RECORD SET START
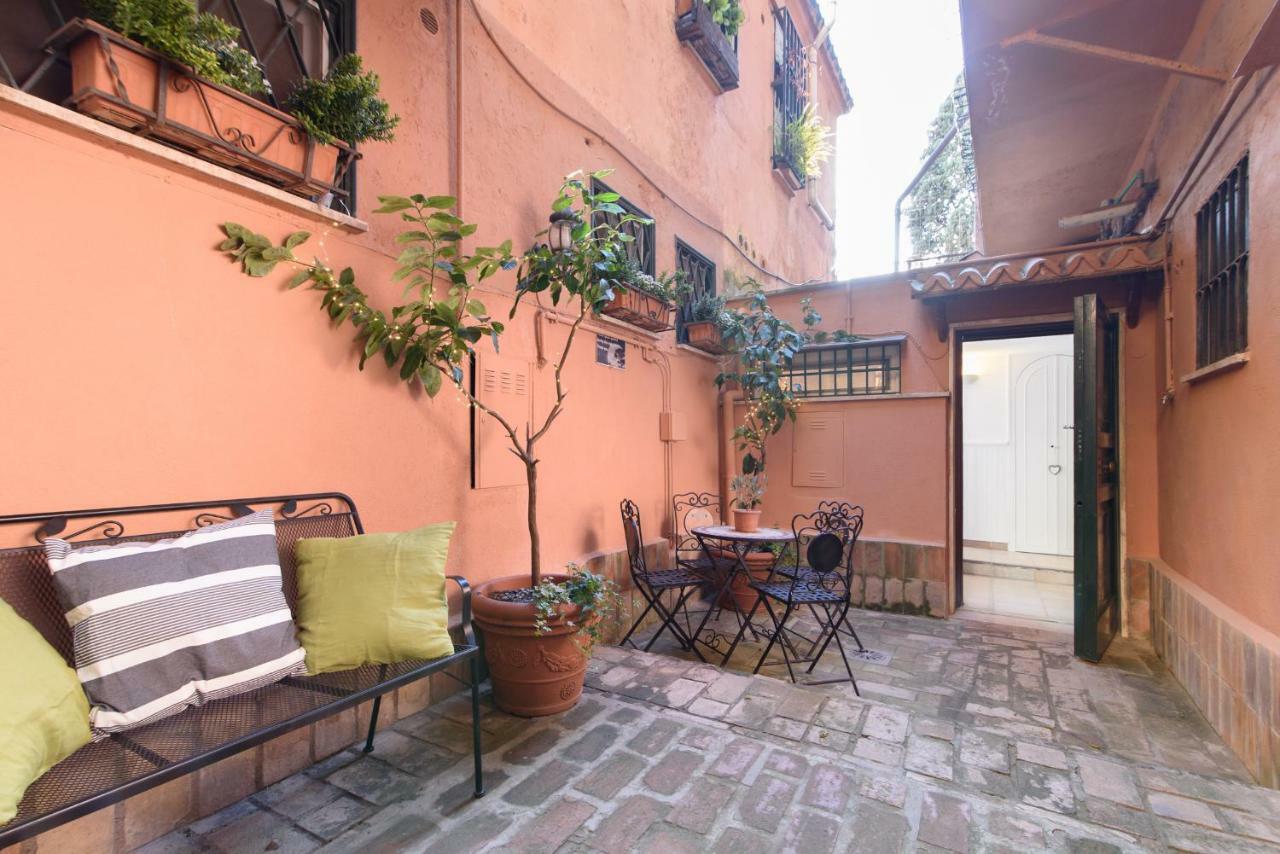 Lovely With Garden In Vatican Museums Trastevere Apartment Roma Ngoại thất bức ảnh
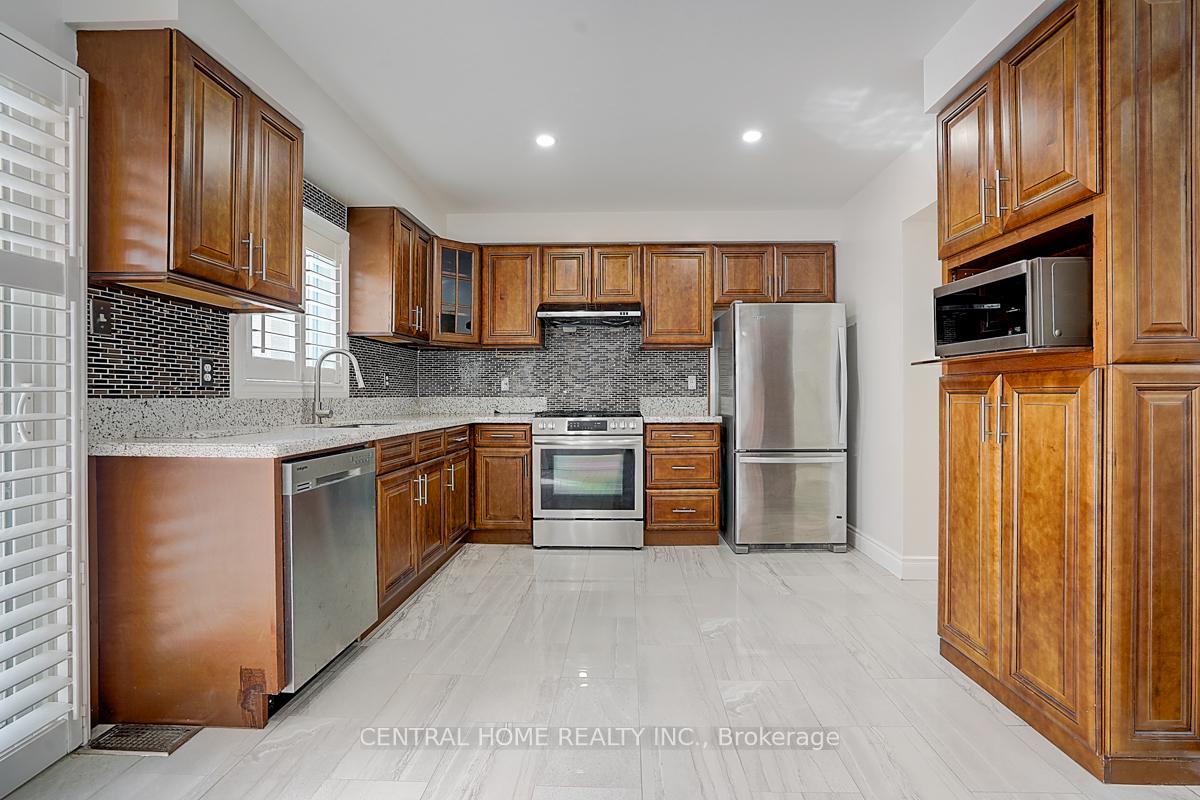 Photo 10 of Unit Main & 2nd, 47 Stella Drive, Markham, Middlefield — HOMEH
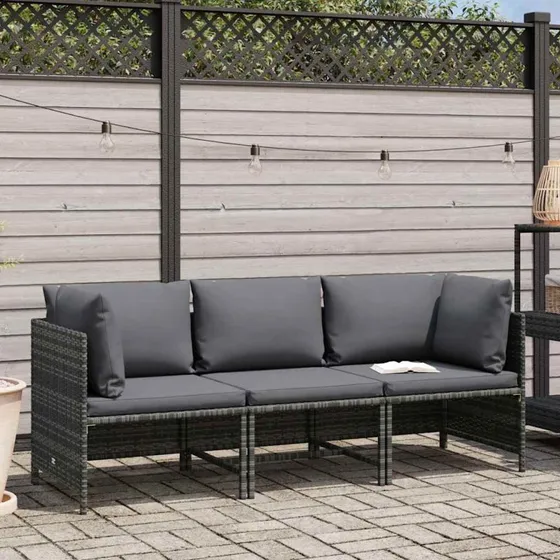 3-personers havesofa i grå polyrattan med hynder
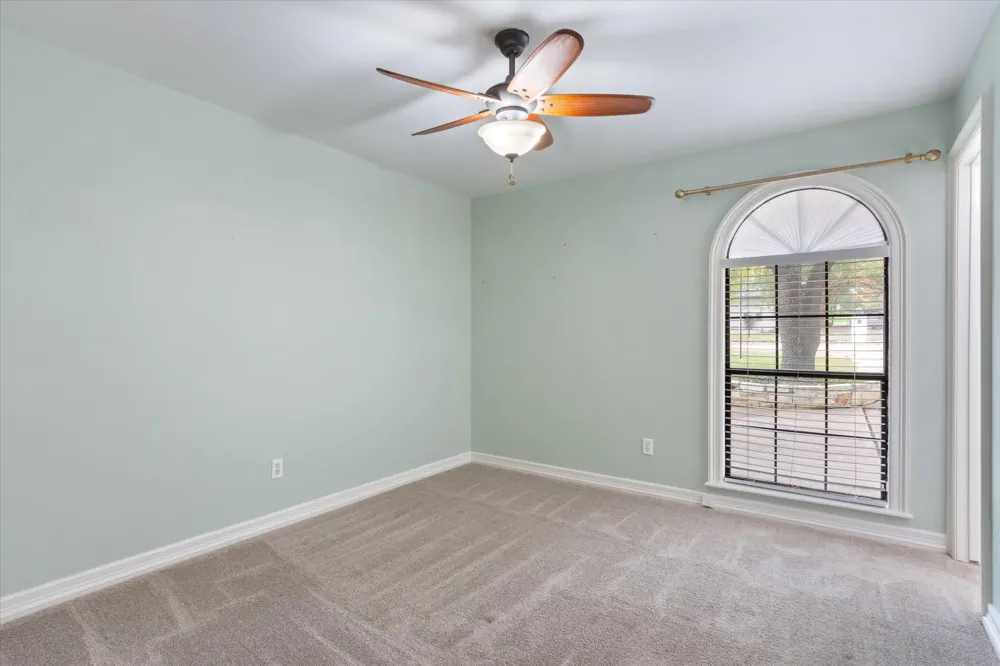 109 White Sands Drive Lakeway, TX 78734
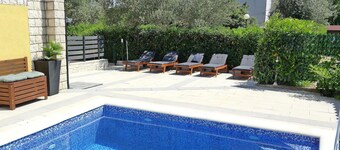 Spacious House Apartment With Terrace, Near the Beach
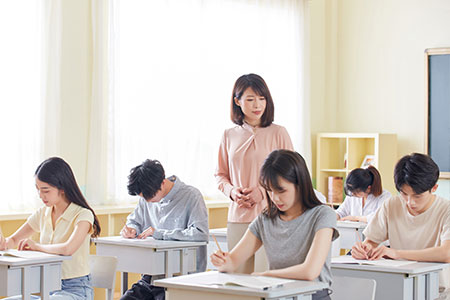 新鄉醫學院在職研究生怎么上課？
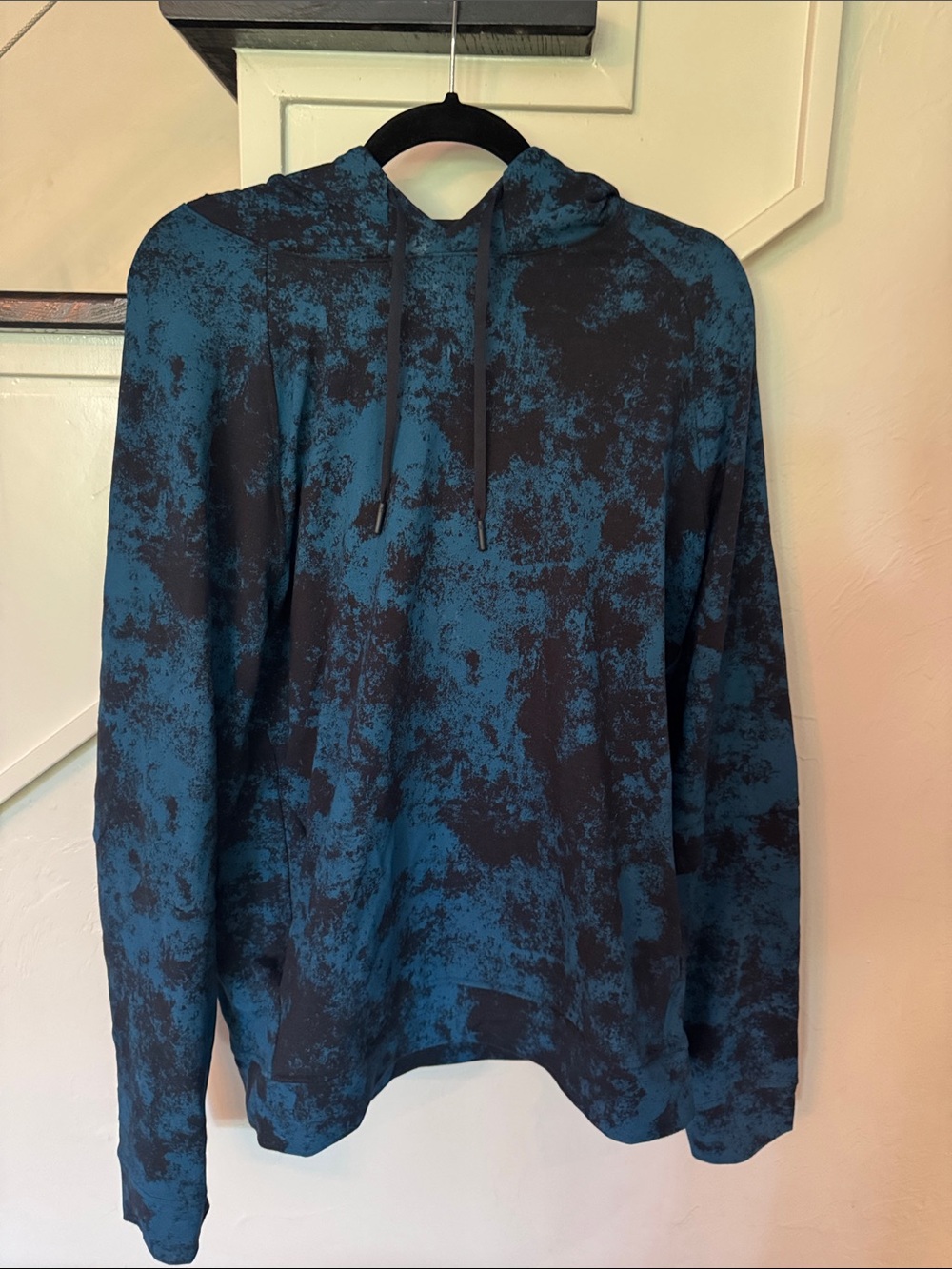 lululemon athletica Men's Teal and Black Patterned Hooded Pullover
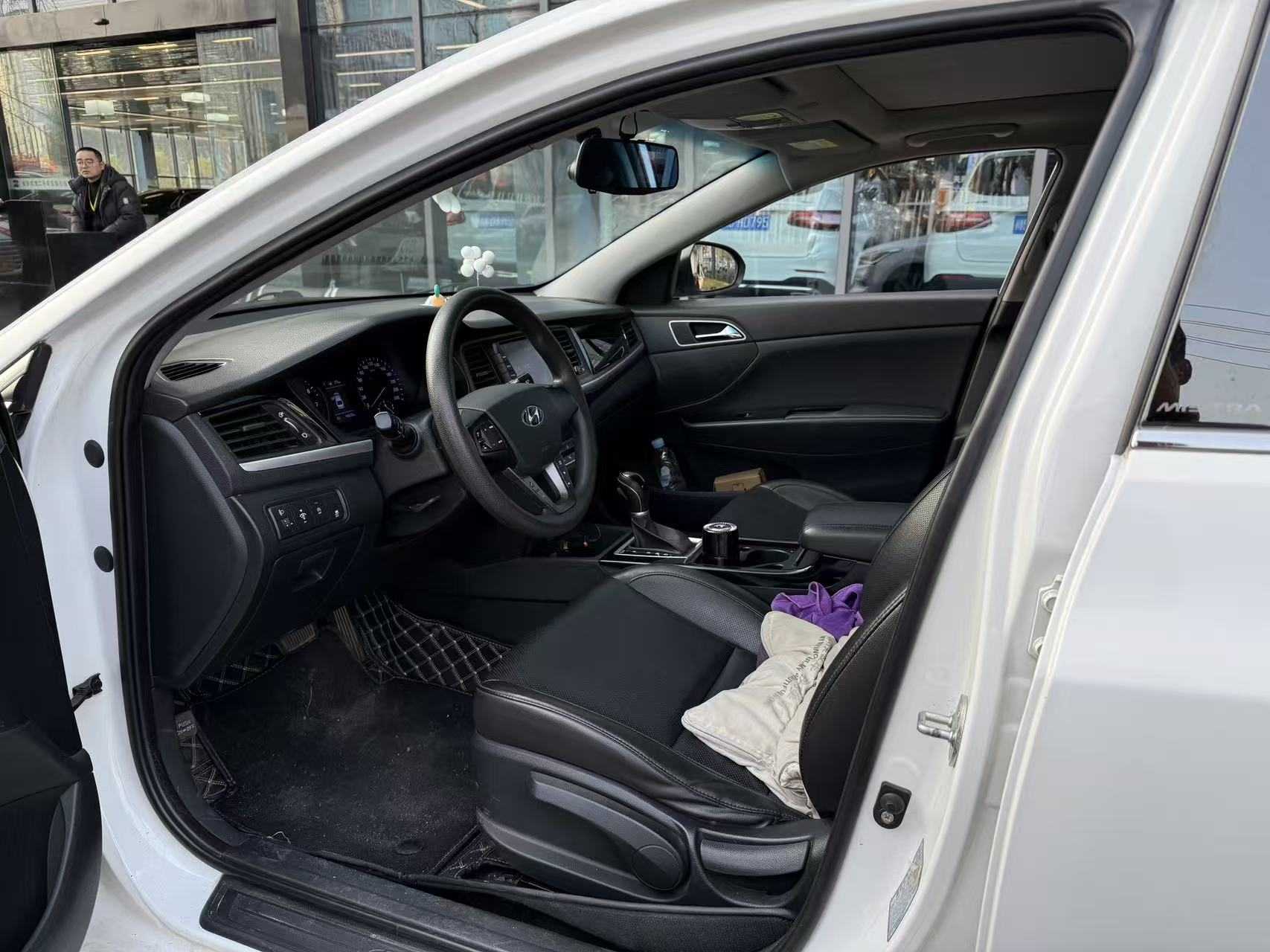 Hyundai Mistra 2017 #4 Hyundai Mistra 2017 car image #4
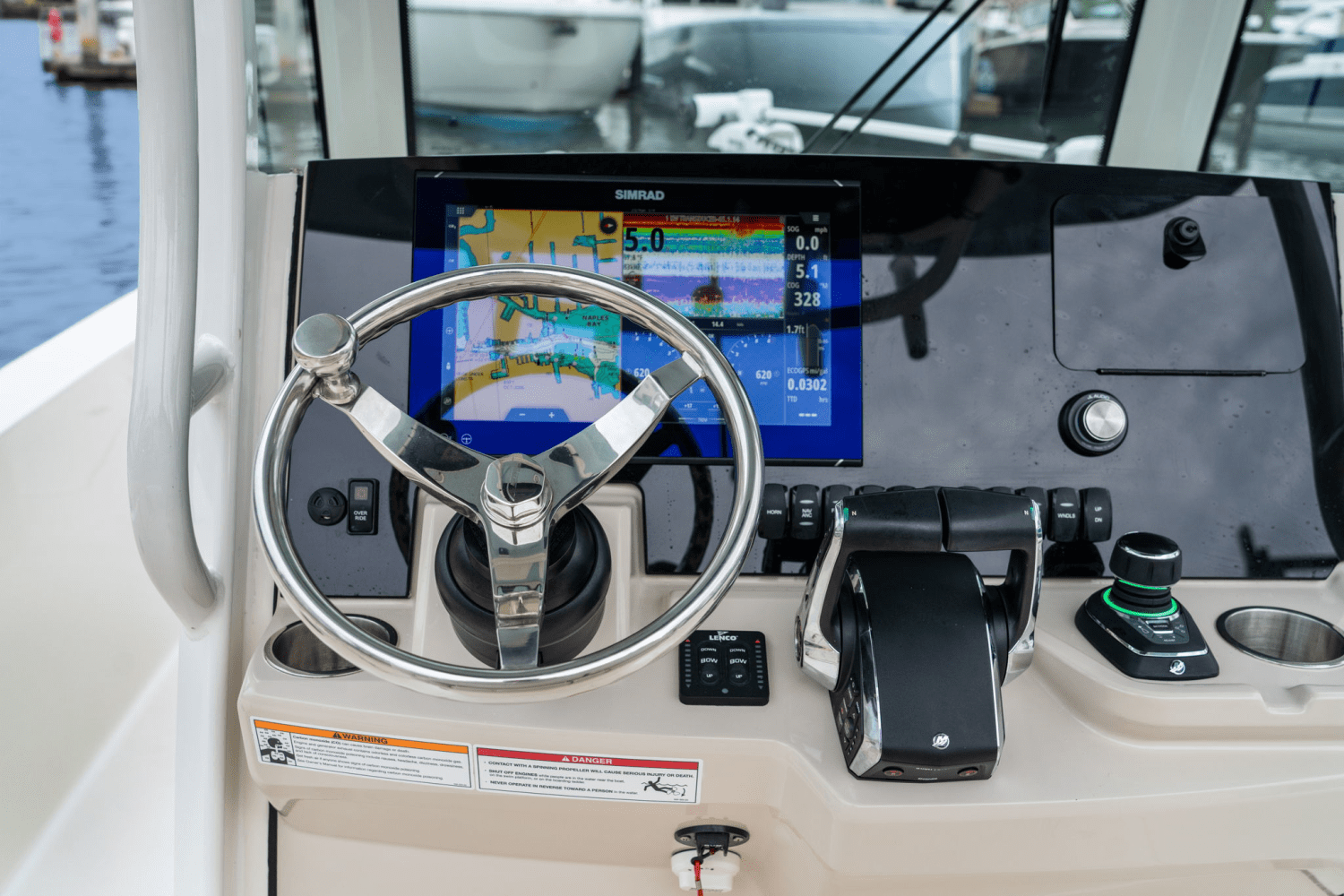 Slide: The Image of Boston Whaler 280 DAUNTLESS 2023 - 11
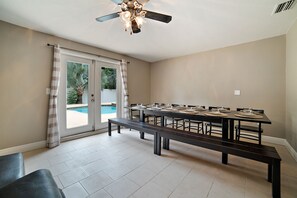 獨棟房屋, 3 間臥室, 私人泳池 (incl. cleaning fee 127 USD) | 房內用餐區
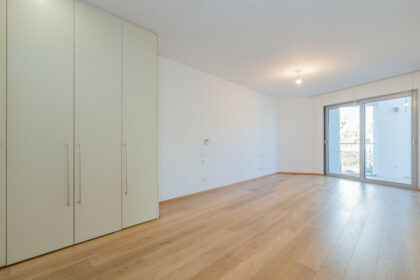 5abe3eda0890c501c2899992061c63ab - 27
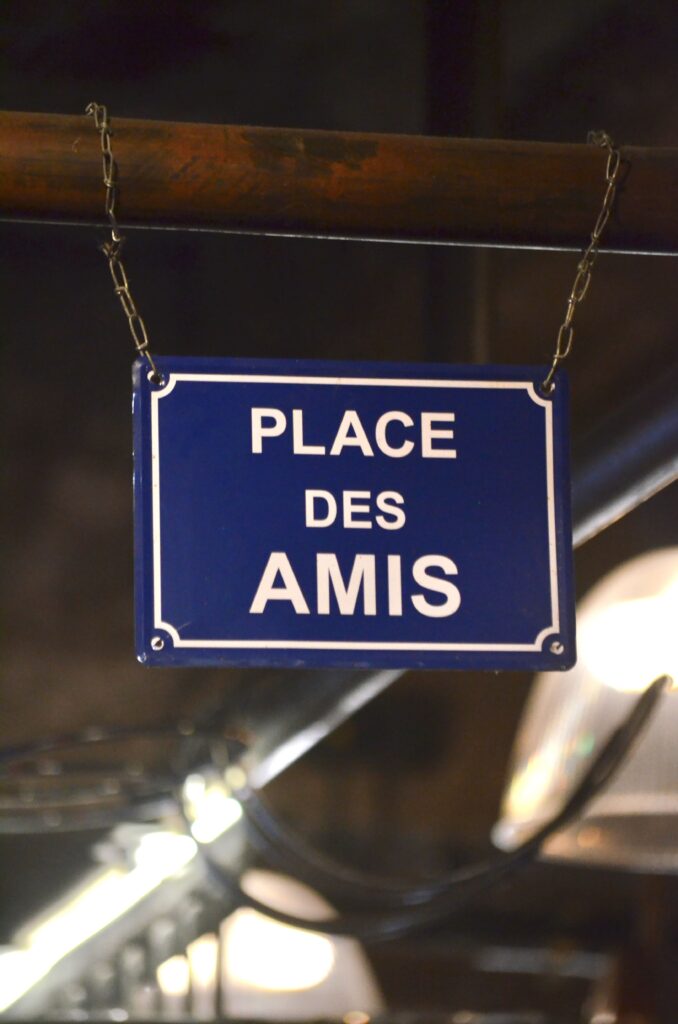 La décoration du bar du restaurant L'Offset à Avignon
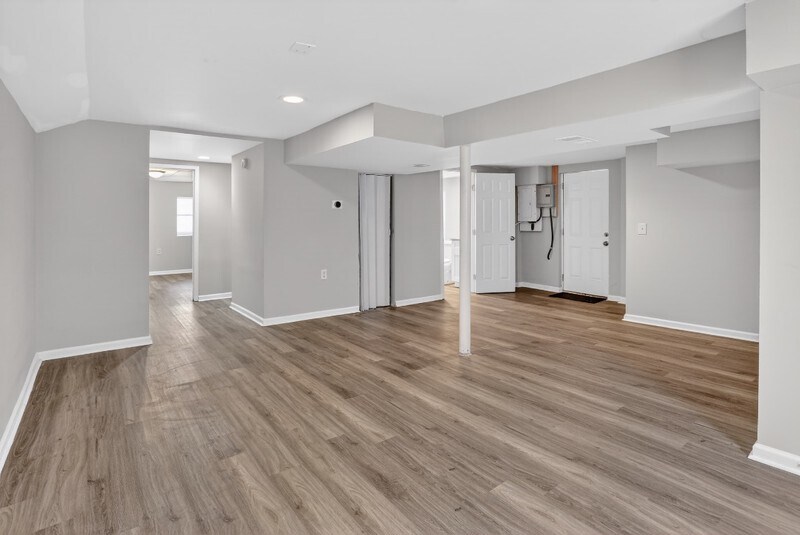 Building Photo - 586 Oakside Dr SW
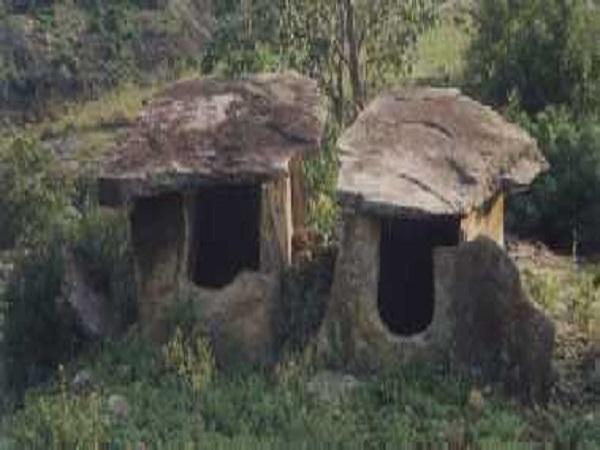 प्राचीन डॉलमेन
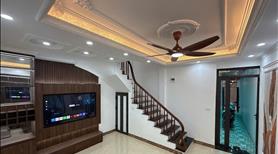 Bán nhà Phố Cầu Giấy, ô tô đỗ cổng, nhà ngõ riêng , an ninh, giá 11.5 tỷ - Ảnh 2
RECORD SET END
▶ **GOAL OF THE EXERCISE**
Starting with the line that holds "La décoration du", print each line through the last one of the data exactly as written, but do not include the pictures.

▶ **YOUR RESPONSE**
 La décoration du bar du restaurant L'Offset à Avignon
 Building Photo - 586 Oakside Dr SW
 प्राचीन डॉलमेन
 Bán nhà Phố Cầu Giấy, ô tô đỗ cổng, nhà ngõ riêng , an ninh, giá 11.5 tỷ - Ảnh 2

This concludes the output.